Records provided Start Marker

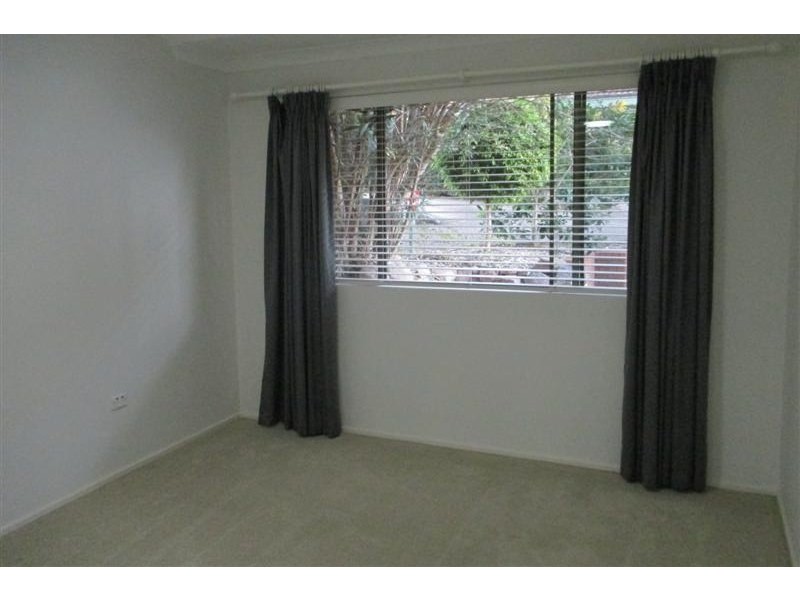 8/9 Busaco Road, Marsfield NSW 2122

Records provided End Marker
Records provided Start Marker

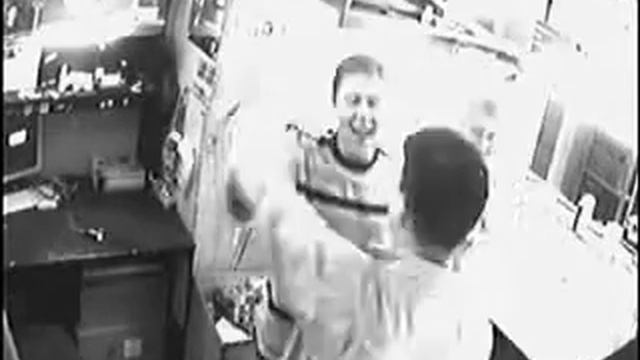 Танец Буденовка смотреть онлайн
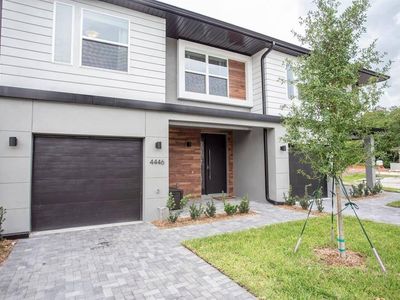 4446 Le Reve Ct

Records provided End Marker

◆ **Exercise description**
Write out exactly the lines above between the one with "Танец Буденовка смотреть онлайн" and the one with "4446 Le Reve Ct", inclusive, with pictures left out.

◆ **Completed task**
 Танец Буденовка смотреть онлайн
 4446 Le Reve Ct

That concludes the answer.